Several computer science classes focus on algorithms. These include classes in data structures, artificial intelligence, computer graphics and numerical computing.
Some of these data structures are quite involved and I have felt that they should be incorporated inside system libraries. Many of the classical data structures have in the 1990s become a staple of standard libraries such as the Standard Template Library of C++ and with the frameworks included with the Java and .NET runtimes. However, libraries for numerical computing (manipulating matrices and performing statistics), handling artificial intelligence, or doing computationally geometry have still not found themselves as full-class citizens in modern APIs, although 3D graphics do have some presence.

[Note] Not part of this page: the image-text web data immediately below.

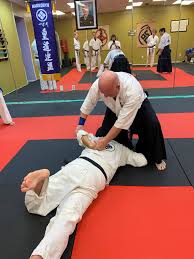 Image result for Ryuko Dojo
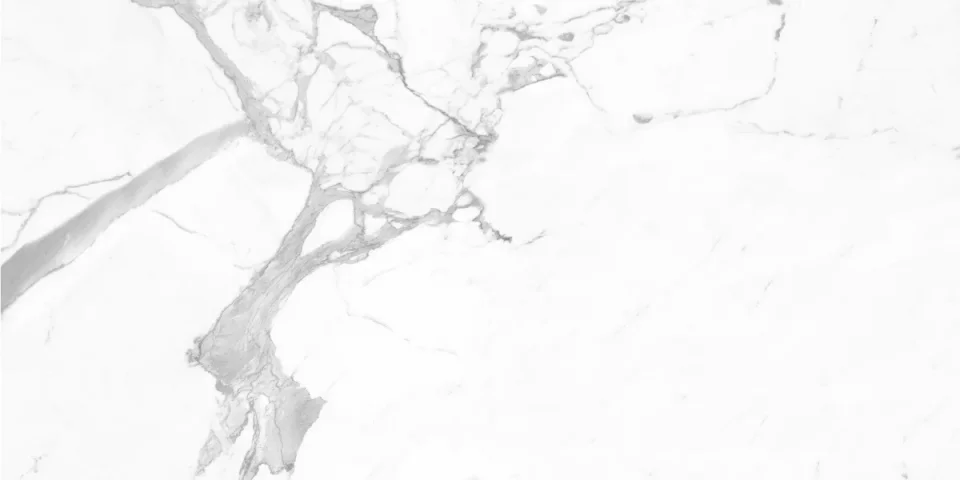 European Tiles Marmo STATUARIO LUX 120 X 60 Rectified Matte Tile STOCK detail view - Image 7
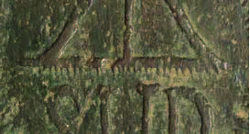 Keech SUD image 39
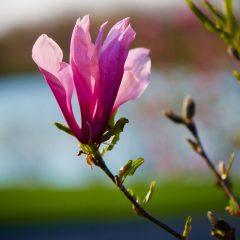 Botanicals 41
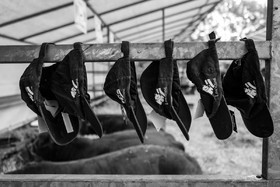 Rencontres paysannes à Saint-Bonnet en Champsaur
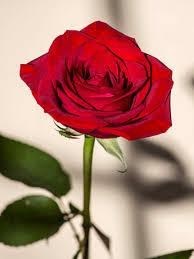 Obituary of Jessie James Watson Jr.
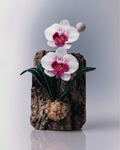 Moth Orchid (Phalaenopsis orchid)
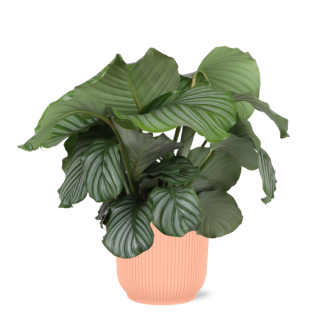 alathea Orbifolia, Groene Kamerplant in sierpot, Speciaal Bladkleuren,Calathea Orbifolia Ø21cm - ↕70cm in Vibes ROZE pot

There have been some recent activity in developing consumable AI libraries in the past few years at Microsoft.
With SQL Server 2005, Microsoft incorporated various AI and data mining packages: decision trees, association rules, naïve Bayes, sequence clustering, time series, neural nets, and text mining. A few years ago, Microsoft developed the Windows Solver Foundation libraries that include optimization, solvers, and latent term-rewriting functionality. A Technical Computing Initiative was launched, but some of the players involved have left the company and the output from the initiative remains to be seen. It's also not clear the goals of this initiative.
Microsoft had for a long while made available a Speech API, but its recognition capabilities are somewhat weak and frustrating. There is still no general purpose Natural Language API; this is somewhat complicated by the need to support multiple languages.
Recent developer events have introduced new libraries from research:
- Infer.NET supports probabilistic inference. The application of this library though is quite limited.
- A more promising library called Semantic Engine includes a range of technologies from Machine Learning, Computer Vision, Natural Language and others.
There are some downsides to most of these new libraries. They are based on managed code and currently have restrictions that prohibit non-internal commercial use.